The most important fact we learned about aether is that: a) It was experimentally proven not to exist. b) Its existence was proven experimentally. c) It transmits light in all directions equally. d) It transmits light faster in longitudinal direction. e) It transmits light slower in longitudinal direction.

A square of area \(100 \mathrm{~m}^{2}\) that is at rest in the reference frame is moving with a speed \((\sqrt{3} / 2) c\). Which of the following statements is incorrect? a) \(\beta=\sqrt{3} / 2\) b) \(\gamma=2\) c) To an observer at rest, it looks like another square with an area less than \(100 \mathrm{~m}^{2}\) d) The length along the moving direction is contracted by a factor of \(\frac{1}{2}\)

Consider a positively charged particle moving at constant speed parallel to a current-carrying wire, in the direction of the current. As you know (after studying Chapters 27 and 28), the particle is attracted to the wire by the magnetic force due to the current. Now suppose another observer moves along with the particle, so according to him the particle is at rest. Of course, a particle at rest feels no magnetic force. Does that observer see the particle attracted to the wire or not? How can that be? (Either answer seems to lead to a contradiction: If the particle is attracted, it must be by an electric force because there is no magnetic force, but there is no electric field from a neutral wire; if the particle is not attracted, you see that the particle is, in fact, moving toward the wire.)

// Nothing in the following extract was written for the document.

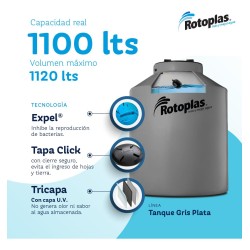 Tanque De Agua Rotoplas 1100l Tricapa Vertical Gris Capa Antibacterial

In an elementary-particle experiment, a particle of mass \(m\) is fired, with momentum \(m c\), at a target particle of mass \(2 \sqrt{2} m\). The two particles form a single new particle (completely inelastic collision). Find: a) the speed of the projectile before the collision b) the mass of the new particle c) the speed of the new particle after the collision

A rocket ship approaching Earth at \(0.90 c\) fires a missile toward Earth with a speed of \(0.50 c,\) relative to the rocket ship. As viewed from Earth, how fast is the missile approaching Earth?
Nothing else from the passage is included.